Every entry is to be returned as it stands, apart from the pictures.

=== Materials provided ===

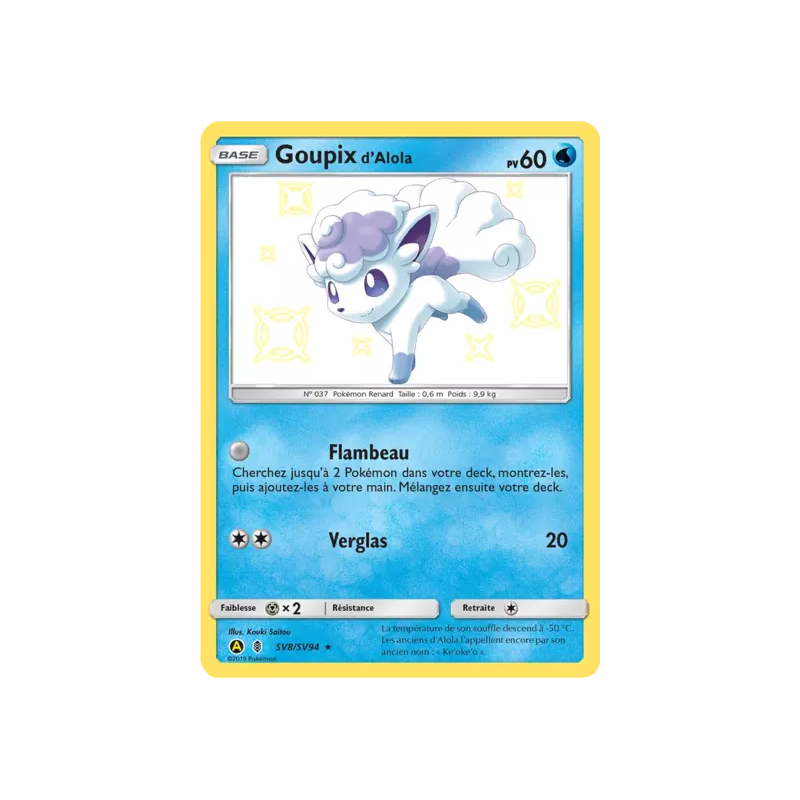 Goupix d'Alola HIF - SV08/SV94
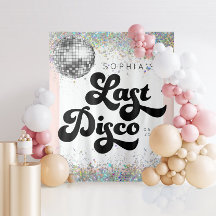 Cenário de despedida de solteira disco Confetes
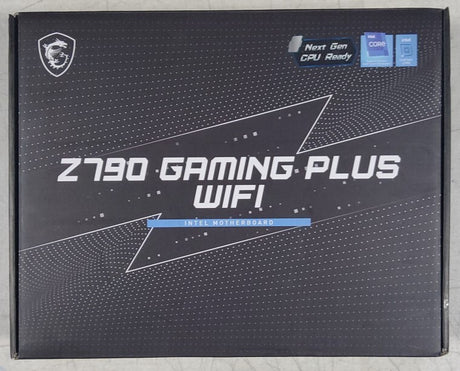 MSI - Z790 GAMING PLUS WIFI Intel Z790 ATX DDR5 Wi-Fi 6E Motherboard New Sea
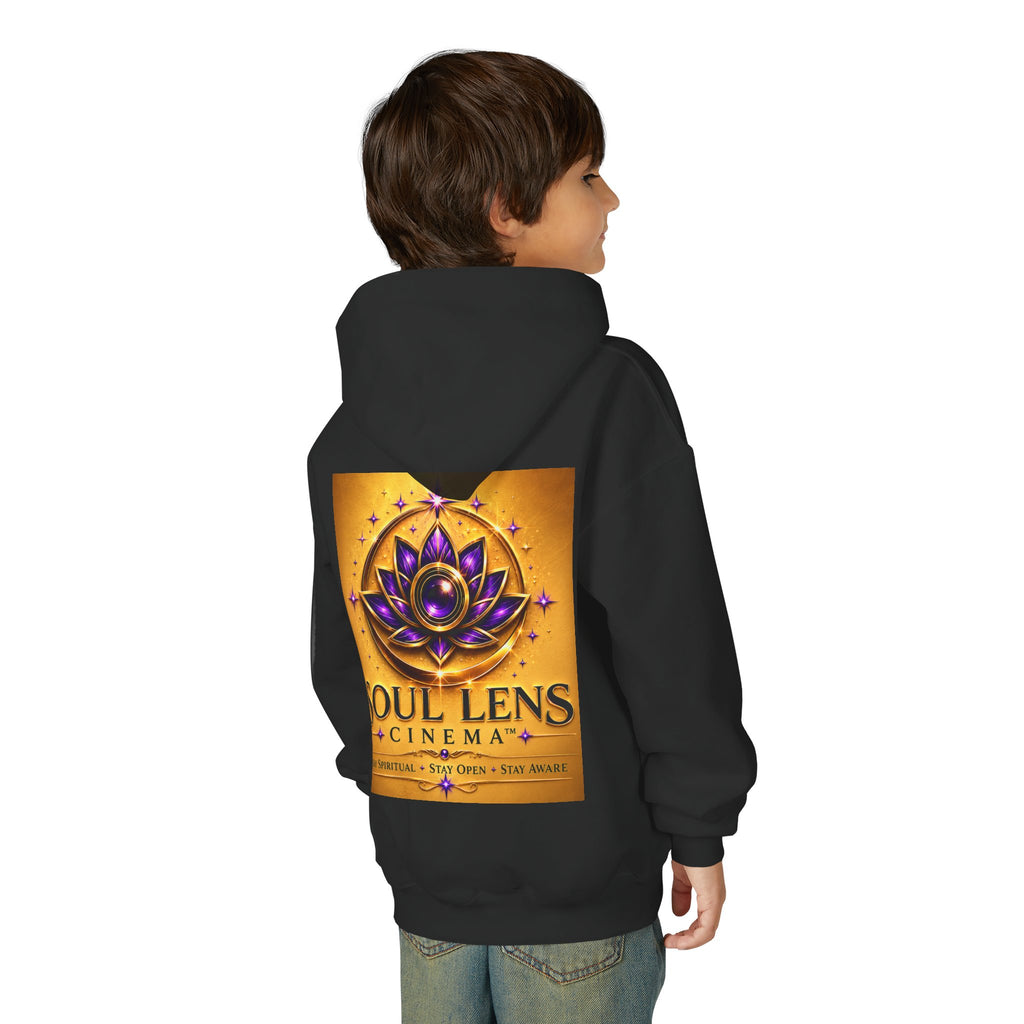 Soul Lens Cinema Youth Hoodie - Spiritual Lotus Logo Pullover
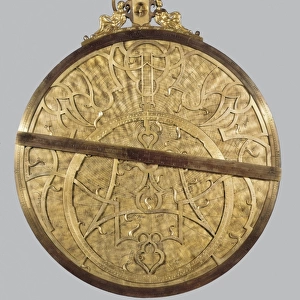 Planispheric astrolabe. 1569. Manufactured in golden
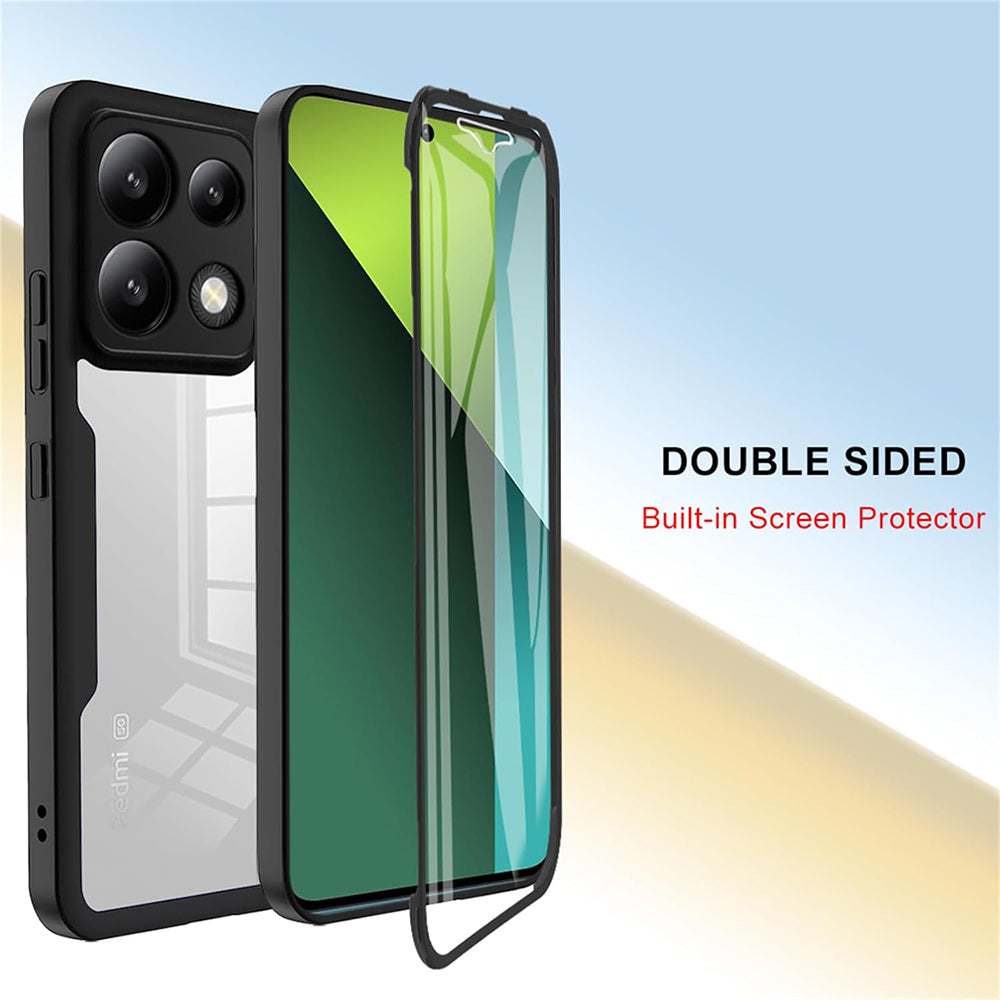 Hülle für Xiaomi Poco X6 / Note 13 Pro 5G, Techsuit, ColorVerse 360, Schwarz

===

### Reply
 Goupix d'Alola HIF - SV08/SV94
 Cenário de despedida de solteira disco Confetes
 MSI - Z790 GAMING PLUS WIFI Intel Z790 ATX DDR5 Wi-Fi 6E Motherboard New Sea
 Soul Lens Cinema Youth Hoodie - Spiritual Lotus Logo Pullover
 Planispheric astrolabe. 1569. Manufactured in golden
 Hülle für Xiaomi Poco X6 / Note 13 Pro 5G, Techsuit, ColorVerse 360, Schwarz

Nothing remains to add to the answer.